**WHAT TO PRODUCE:**
Please give back exactly the line with "Женская футболка хлопок" and each line after it through the end of the material, leaving out the pictures.

#### PROVIDED RECORDS ####

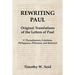 Rewriting Paul: Original Translations of the Letters of Paul (1 Thessalonians, Galatians, Philippians, Philemon, and Romans)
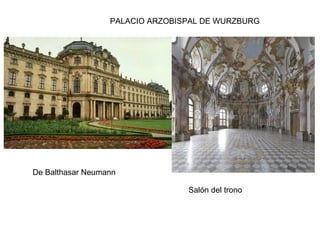 PALACIO ARZOBISPAL DE WURZBURG
Salón del trono
De Balthasar Neumann
 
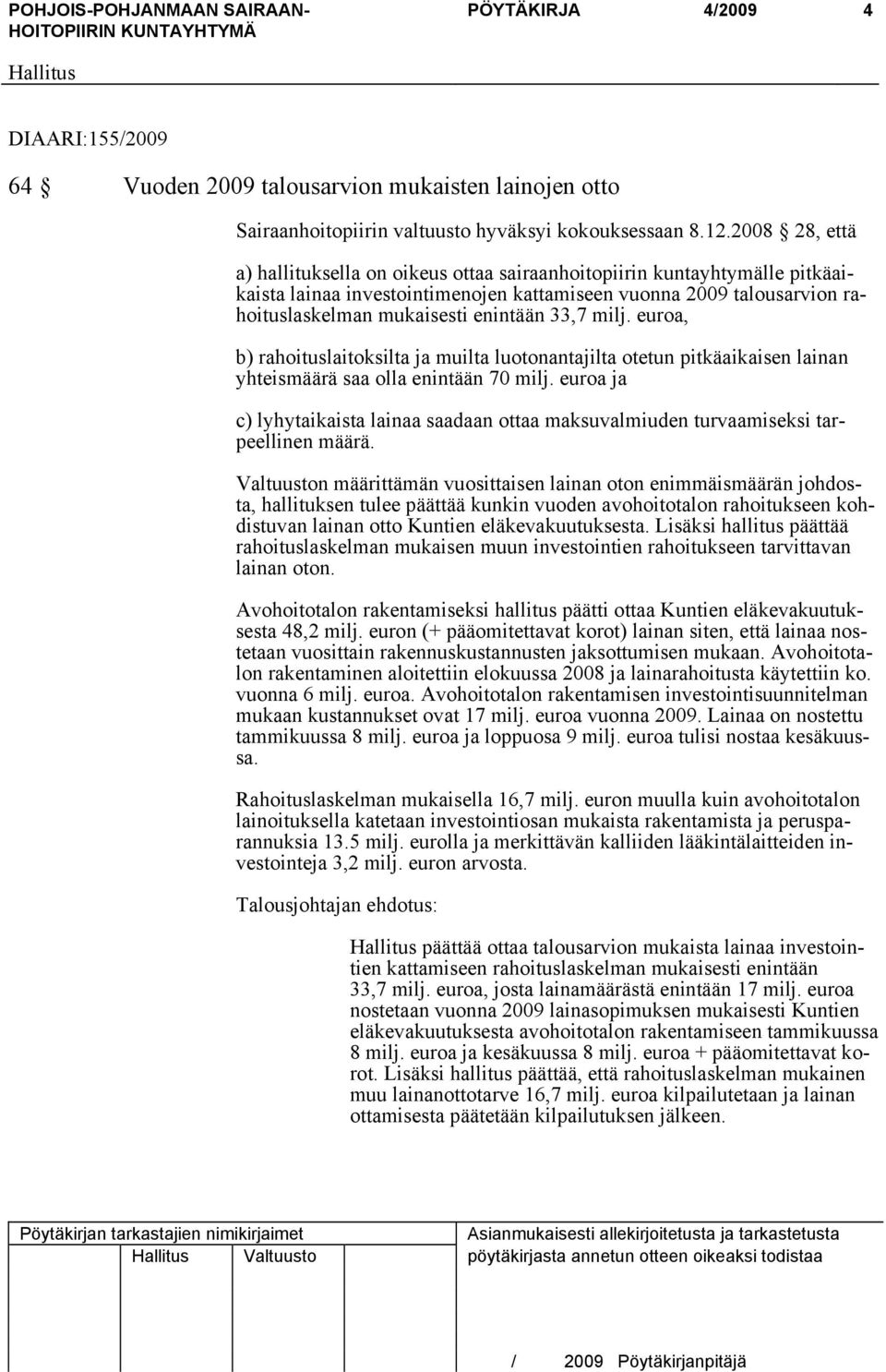 33,7 milj. euroa, b) rahoituslaitoksilta ja muilta luotonantajilta otetun pitkäaikaisen lainan yhteismäärä saa olla enintään 70 milj.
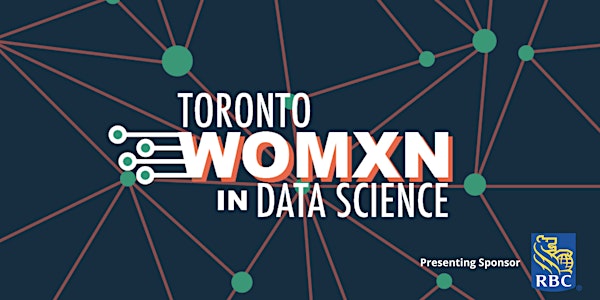 Toronto Womxn in Data Science Conference 2021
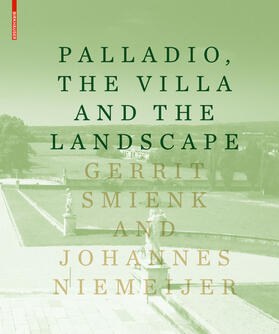 Smienk / Niemeijer |  Palladio, the Villa and the Landscape | Buch |  Sack Fachmedien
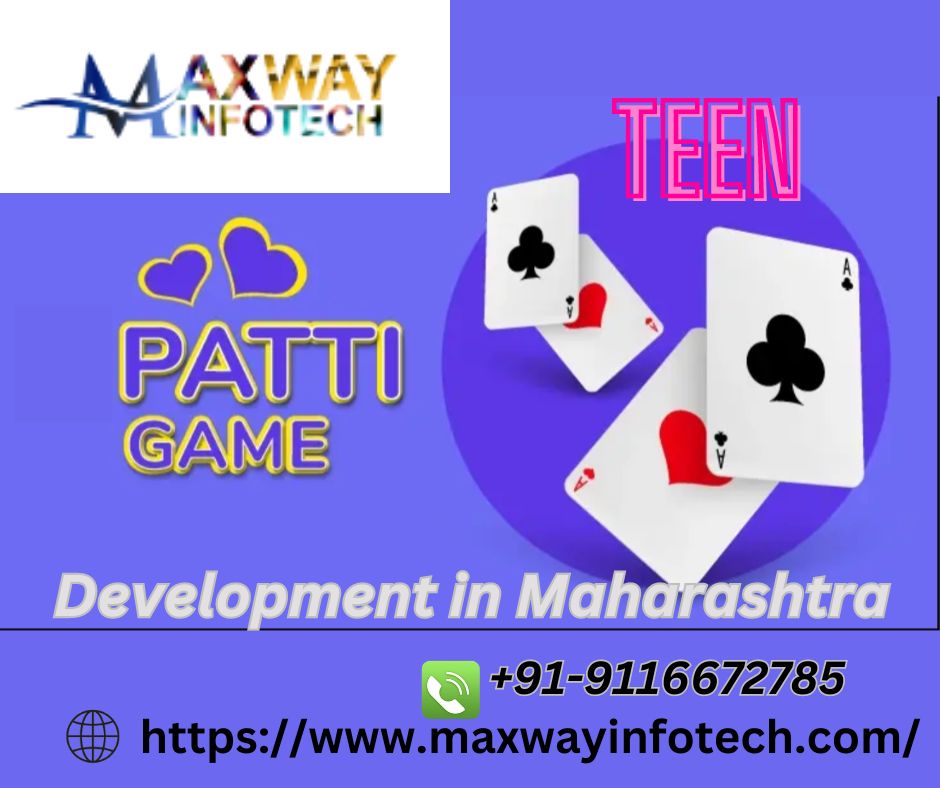 TEEN PATTI GAME DEVELOPMENT IN MAHARASHTRA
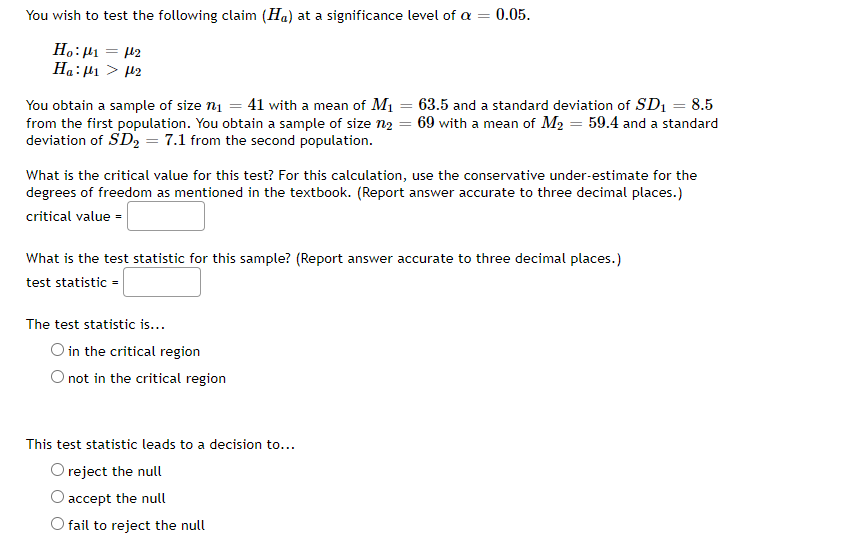 You wish to test the following claim (Ha) at a significance level of a = 0.05.
Ho:µ1 = 42
Ha:µ1 > H2
You obtain a sample of size n1 = 41 with a mean of M1 = 63.5 and a standard deviation of SD1 = 8.5
from the first population. You obtain a sample of size n2 = 69 with a mean of M2 = 59.4 and a standard
deviation of SD2 = 7.1 from the second population.
What is the critical value for this test? For this calculation, use the conservative under-estimate for the
degrees of freedom as mentioned in the textbook. (Report answer accurate to three decimal places.)
critical value =
What is the test statistic for this sample? (Report answer accurate to three decimal places.)
test statistic =
The test statistic is...
O in the critical region
O not in the critical region
This test statistic leads to a decision to...
O reject the null
accept the null
O fail to reject the null
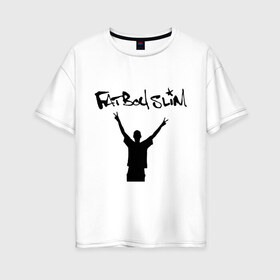 Женская футболка хлопок Oversize с принтом Fatboy Slim в Тюмени, 100% хлопок | свободный крой, круглый ворот, спущенный рукав, длина до линии бедер
 | Тематика изображения на принте: pop | rnb | поп | фэтбойслим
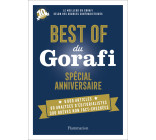 Best of du Gorafi - Spécial anniversaire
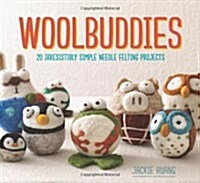 Woolbuddies: 20 Irresistibly Simple Needle Felting Projects (Hardcover)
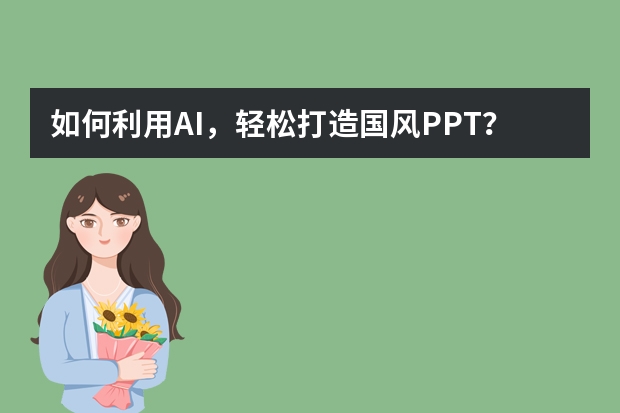 如何利用AI，輕松打造國(guó)風(fēng)PPT？
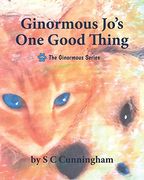 Ginormous Jo's one Good Thing (The Ginormous Series) (en Inglés)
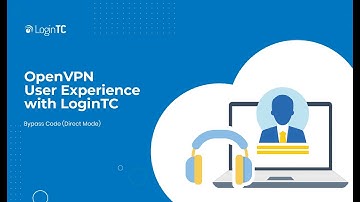 OpenVPN Multi-Factor Authentication (2FA/MFA) User Experience with Bypass Codes Direct Mode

####

**SOLUTION FOR THIS TASK:**
 Женская футболка хлопок Oversize с принтом Fatboy Slim в Тюмени, 100% хлопок | свободный крой, круглый ворот, спущенный рукав, длина до линии бедер
 | Тематика изображения на принте: pop | rnb | поп | фэтбойслим
 Best of du Gorafi - Spécial anniversaire
 Woolbuddies: 20 Irresistibly Simple Needle Felting Projects (Hardcover)
 如何利用AI，輕松打造國(guó)風(fēng)PPT？
 Ginormous Jo's one Good Thing (The Ginormous Series) (en Inglés)
 OpenVPN Multi-Factor Authentication (2FA/MFA) User Experience with Bypass Codes Direct Mode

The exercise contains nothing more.